## Required work
Word for word, write the records out again, but omit each picture.

[Opening Data under study section]

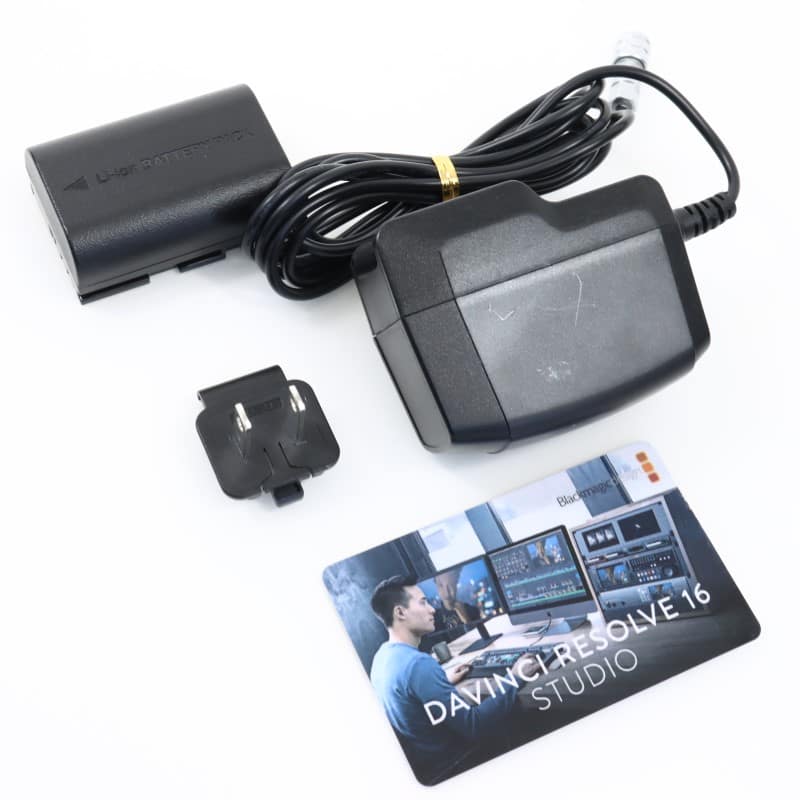 Blackmagic Pocket Cinema Camera 6K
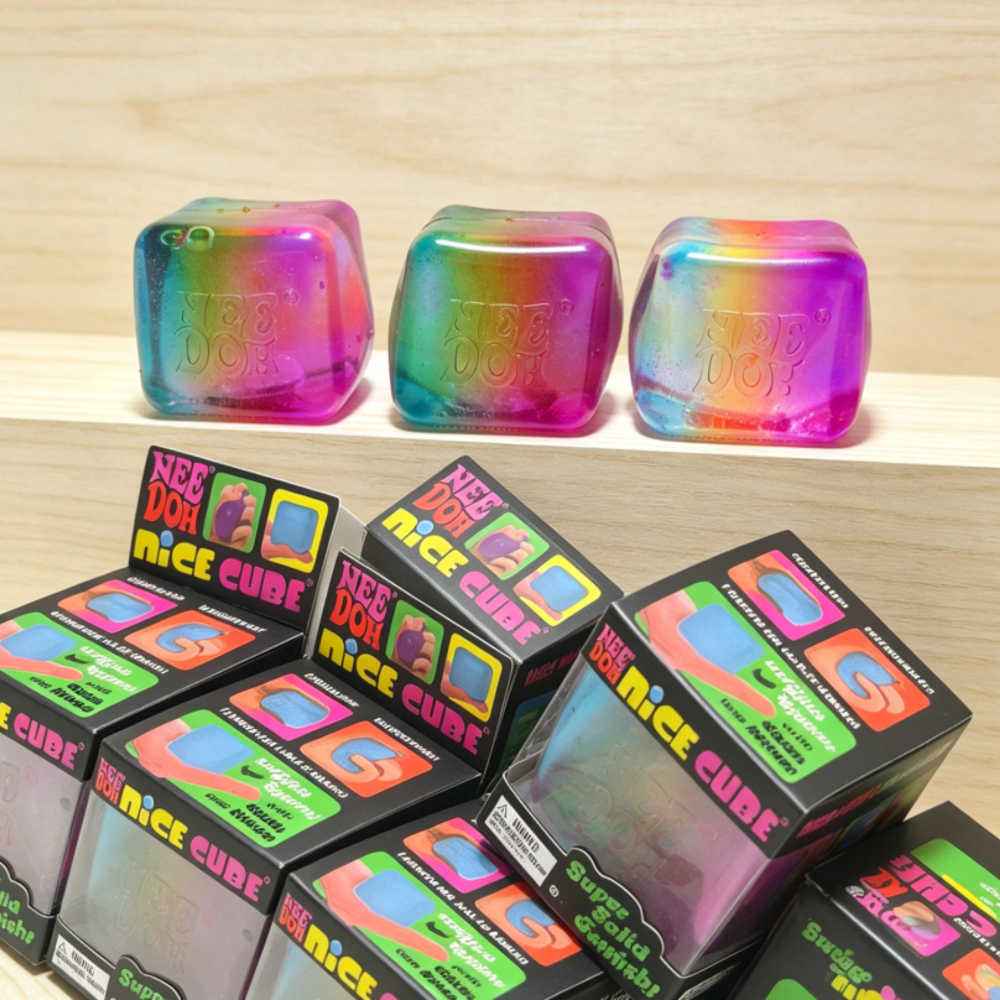 Hot Schylling NeeDoh Nice Cube - Fidget Cube Original recensione e prezzo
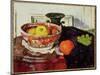 Still Life - Chinese Bowl-George Leslie Hunter-Mounted Giclee Print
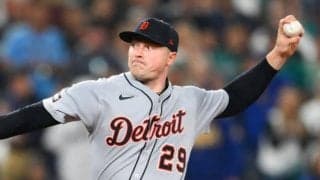 史上初の7者連続も…チームは延長15回で涙　タイガースエースの胸中「必ず戻ってくる」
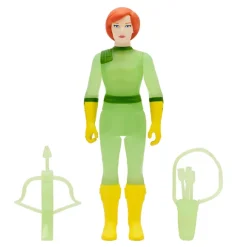 G.I. Joe Reaction Figures Wave 1B - Scarlett (Glow Patrol)
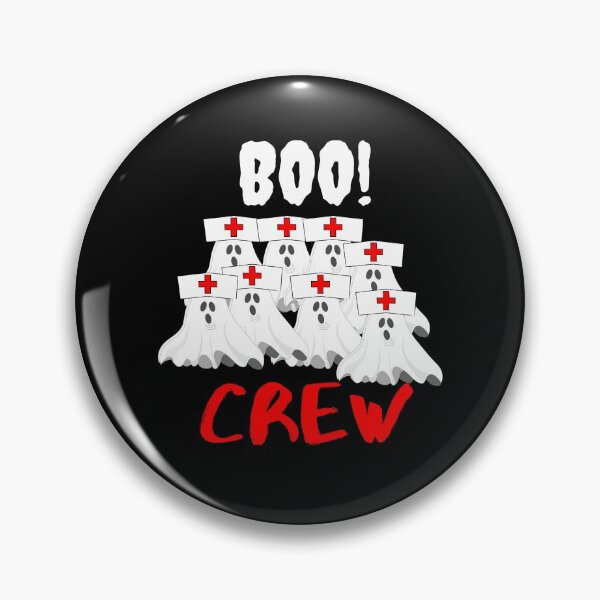 Item preview, Cool & Funny Cardiac Nurses Halloween Boo Crew! designed and sold by Gifty-Designs.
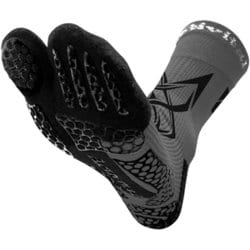 PRO ダブルエックス メンズ ランニングウェア ソックス グレー L-LLサイズ（26-29cm）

[Closing Data under study section]

## Reply
 Blackmagic Pocket Cinema Camera 6K
 Hot Schylling NeeDoh Nice Cube - Fidget Cube Original recensione e prezzo
 Still Life - Chinese Bowl-George Leslie Hunter-Mounted Giclee Print
 史上初の7者連続も…チームは延長15回で涙　タイガースエースの胸中「必ず戻ってくる」
 G.I. Joe Reaction Figures Wave 1B - Scarlett (Glow Patrol)
 Item preview, Cool & Funny Cardiac Nurses Halloween Boo Crew! designed and sold by Gifty-Designs.
 PRO ダブルエックス メンズ ランニングウェア ソックス グレー L-LLサイズ（26-29cm）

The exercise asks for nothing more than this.